Search of property linked to Kristin Smart’s 1996 disappearance finds evidence of possible human remains, sheriff says

Authorities investigating a property in connection with the 1996 disappearance and murder of California college student Kristin Smart say soil tests indicate that human remains may be or may have been on the property, the sheriff leading the search said Friday.

“We believe that … human remains were there at one time or still there,” San Luis Obispo County Sheriff Ian Parkinson told reporters.

“I’m not going to go into the details, other than just to say with soil tests, it’s about the compounds in the soil that are related to a human, decomposing body,” Parkinson said.

Despite that new evidence, he stopped short of saying they’d found Smart’s remains.

“I think it’s safe to say that we have not recovered Kristin yet,” he said. “But our search goes on, and I don’t know how long we’re going to be there.”

Investigators have spent two days executing a search warrant at the Arroyo Grande home of Susan Flores, the mother of the man convicted in Smart’s death four years ago.

It isn’t clear what prompted the search.

On Thursday, investigators collected soil samples from the property and took ground-penetrating radar equipment to the backyard, NBC affiliate KSBY of San Luis Obispo reported.

They could also be seen searching at a neighbor’s home, according to the station.

Paul Flores was found guilty of first-degree murder, but Smart’s body has never been found, and authorities said they were searching the property in an effort to “bring Kristin home.”

Smart, who vanished May 25, 1996, at age 19, was declared legally dead in 2002.

Smart and Flores were students at California Polytechnic State University San Luis Obispo, on California’s Central Coast. Prosecutors said he killed her during an attempted rape and possibly buried her under a deck at his father’s home in Arroyo Grande, roughly 16 miles south of the college town.

Archaeologists who previously searched the home of Flores’ father, Ruben Flores, found what prosecutors described as a soil disturbance roughly the size of a casket and the presence of human blood. The blood was too degraded to obtain usable DNA from.

Prosecutors accused Ruben Flores of helping his son bury Smart and later move her remains.
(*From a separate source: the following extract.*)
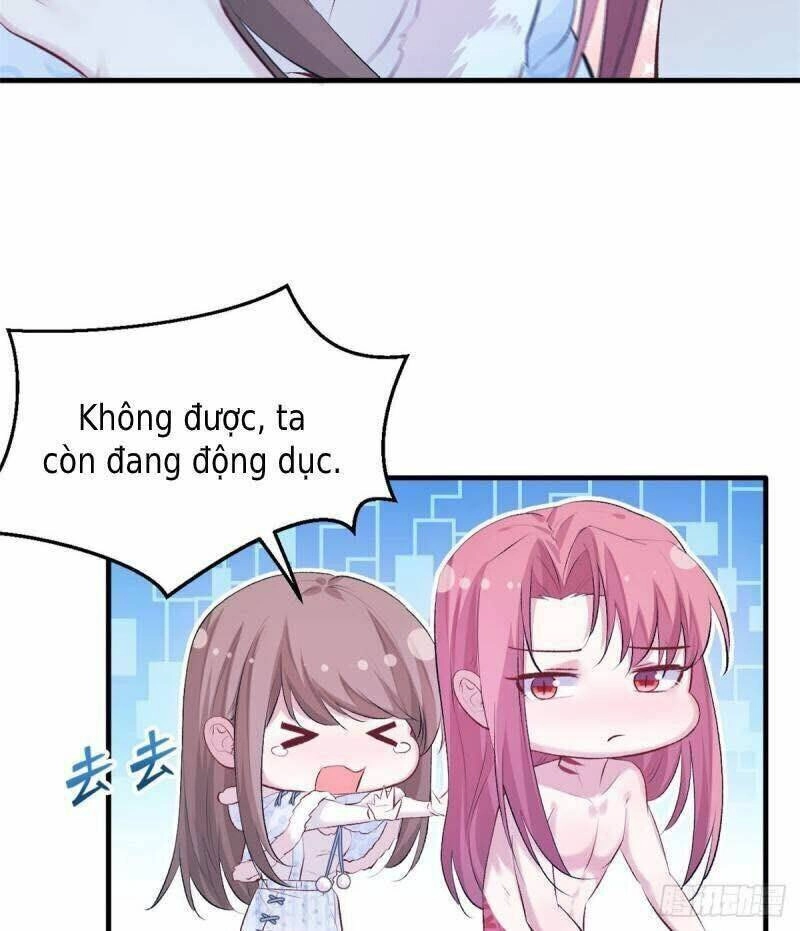 Thảnh Thơi Thú Thế Chủng Chủng Điền, Sinh Sinh Tể - Update Chapter 140 - Trang 31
He was charged with accessory after the fact and acquitted by a jury in 2022.

A man who answered the phone Thursday at a number listed for Susan Flores said she was not immediately available and declined to comment. She has not been charged with any crimes in connection with Smart’s murder.
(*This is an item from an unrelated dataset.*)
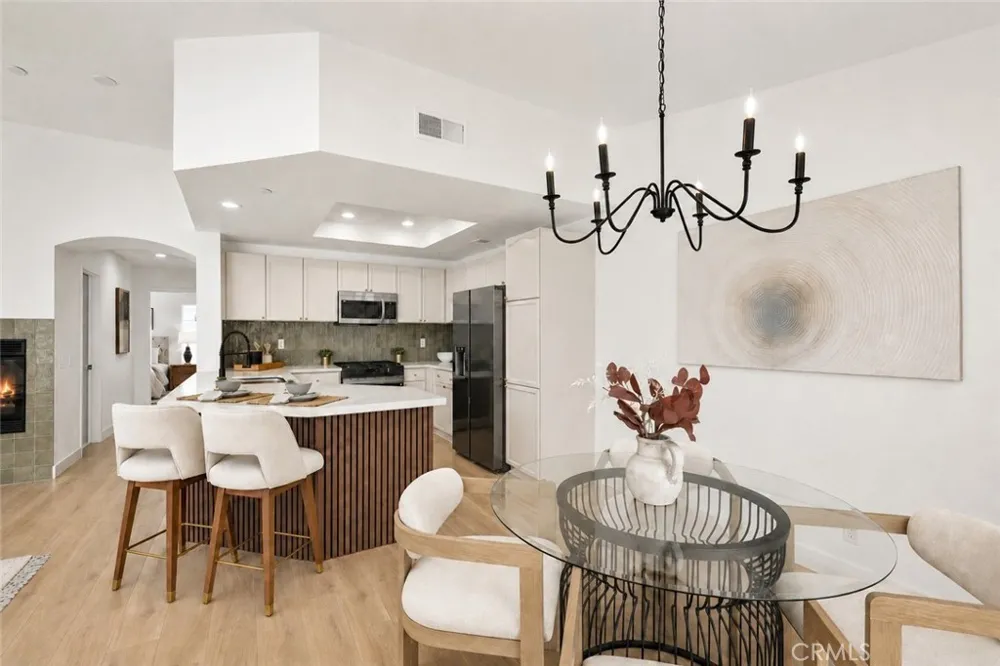 3509 E Berkshire Court #A Orange, CA 92869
At the news conference on Friday, Parkinson said the search for potential leads continues as investigators take more soil samples and use ground-penetrating radar, or GPR.
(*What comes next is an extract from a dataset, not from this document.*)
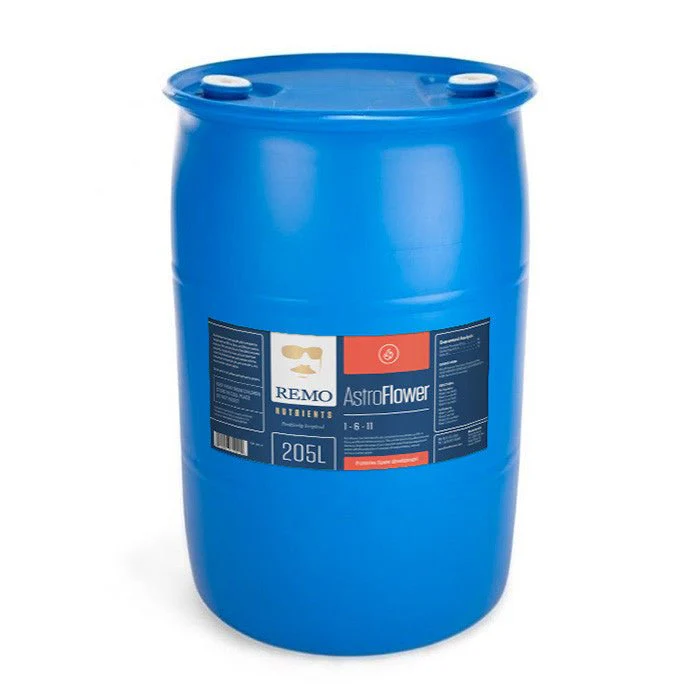 Remo Nutrients AstroFlower - Image 5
The sheriff reiterated to reporters that the process is lengthy. The scientists use GPR to examine the soil, and those readings can help pinpoint areas that can be tested for human DNA.

“Susan won’t be able to return until we have completed our search. Don’t know if it’s going to conclude today. As I mentioned, it’s a methodical step; each time we get something, we go in another direction,” he continued.

Parkinson told reporters that Susan Flores has always been a person of interest, and continues to be.

“We’re not leaving that house until we’ve exhausted everything,” he said.

“You know, ideally we would have had Kristin a long time ago,” Parkinson said.